═════ Data to examine
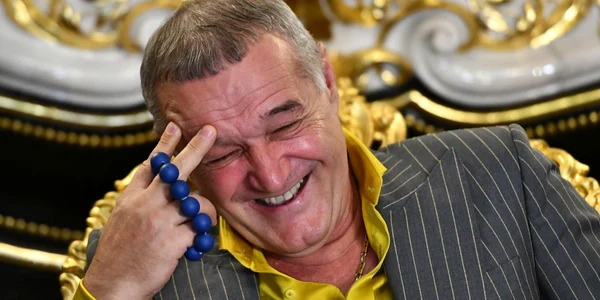 Gigi Becali jpg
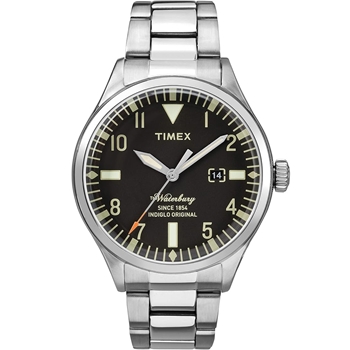 ساعت مچی تایمکس مدل TW2R25100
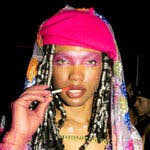 Paid Notice: Deaths LEVY, BERNARD HOWARD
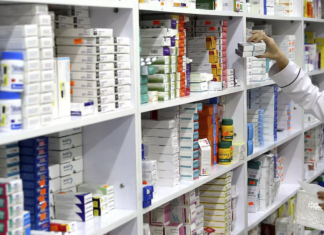 California| Anuncian distribución de medicamento para revertir sobredosis por opioides (+Costo)
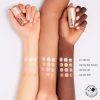 Sephora Gleam & Go Liquid Highlighter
══════════
Starting at the line that contains "California| Anuncian distribución", output every line through the end of the data, both ends included, and nothing else; pictures stay out.

== Exercise output ==
 California| Anuncian distribución de medicamento para revertir sobredosis por opioides (+Costo)
 Sephora Gleam & Go Liquid Highlighter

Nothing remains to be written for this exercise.